Postby laura » Sat May 20, 2006 08:41 pm

And I can expound a little more, until we get our science chicks in here.

As Ileana describes, there's a problem with the placenta. Recent research has established that the blood vessels attaching the placenta to the uterus in preeclamptic women aren't as deep or strong as they should be.

This set up works fine for the first part of pregnancy, but often there's a point where the baby grows large enough that these puny little vessels don't supply as much blood as the baby needs.
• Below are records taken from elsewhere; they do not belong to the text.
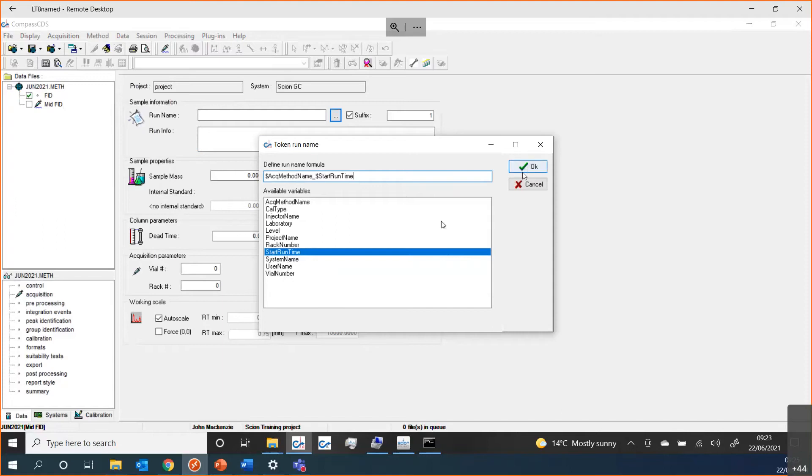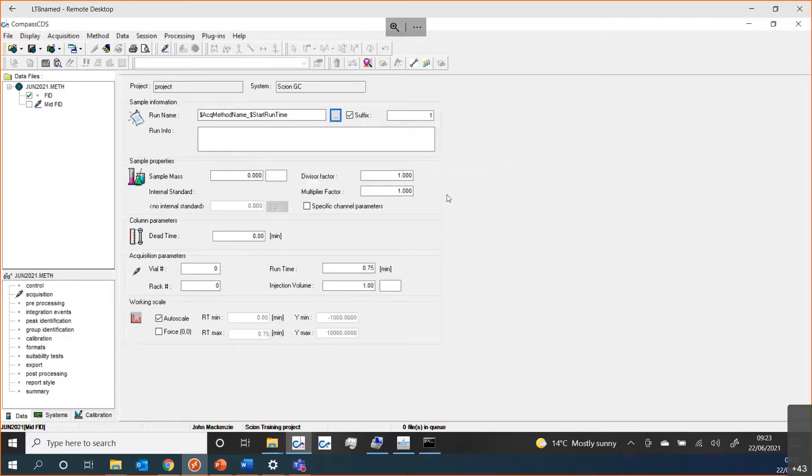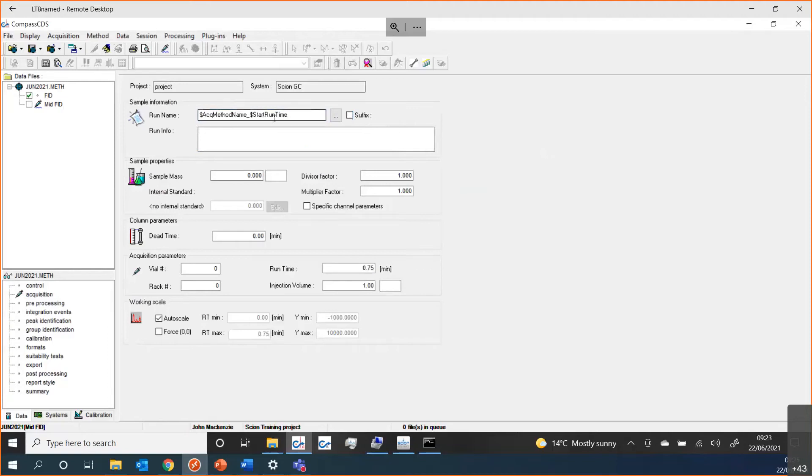I'll select these two for today. As my file name will now be unique every time because the start run time will continually change, I therefore don't need a suffix. I don't need a number afterwards because I will always have a unique file name.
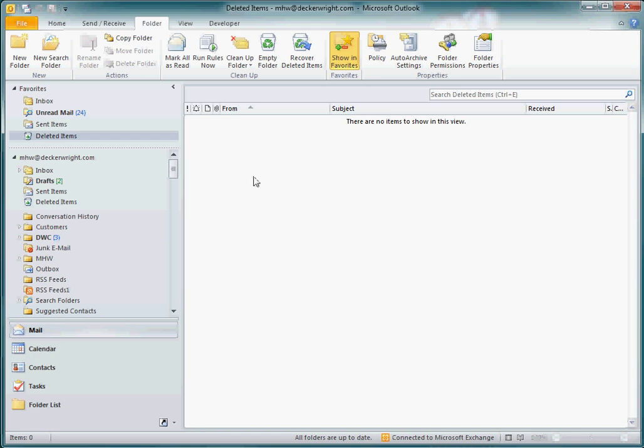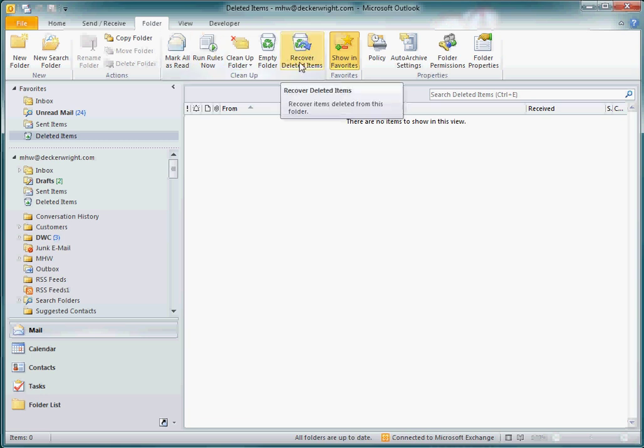Well, I go up to the Tabs folder, and I pick the Folders tab, and you'll note in the Folders tab, there's an item called Recover Deleted Items.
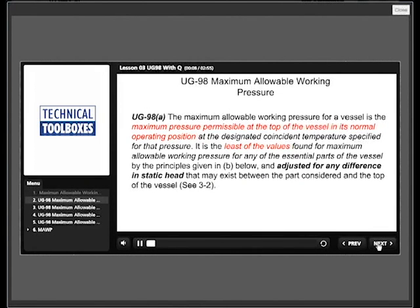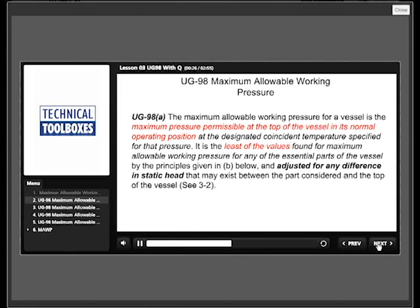The maximum allowable working pressure for a vessel is the maximum pressure permissible at the top of the vessel in its normal operating position at the designated coincident temperature specified for that pressure. It is the least of the values found for maximum allowable working pressure for any of the essential parts of the vessel, adjusted for any difference in static head that may exist between the part considered and the top of the vessel. This seems like a simple statement, but there's more to it than meets the eye.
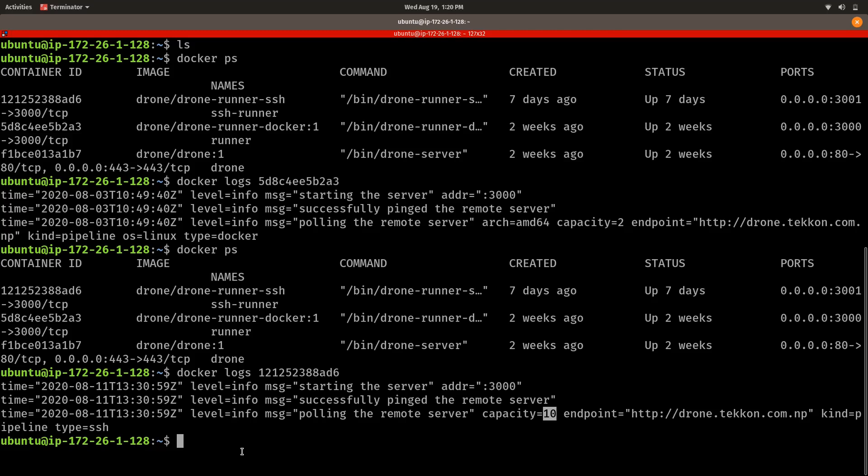So it is as simple as that to set up our Drone CI server and Drone CI runners, whether it's a Docker runner or an SSH pipeline runner. You can also set up all the different types of runners such as Kubernetes runner, exec runner, and DigitalOcean runner — just go to the official Drone CI docs. That's it for now. If you liked this video, give a thumbs up and subscribe to my channel if you are new.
The body responds by racheting up the blood pressure. Well, hyperperfusion might work for getting more blood to the baby- but it is a bad long term strategy, as the increased blood pressure can cause organ damage (most commonly to the kidneys) but also to the placenta itself.

In an attempt to keep the organs from getting blasted by this pressure- the body then starts the vasospasm part- the blood vessels start shutting intermittently on their own-- which can cause a whole host of other problems, including further damage to the vessels and destruction of red blood cells and platelets.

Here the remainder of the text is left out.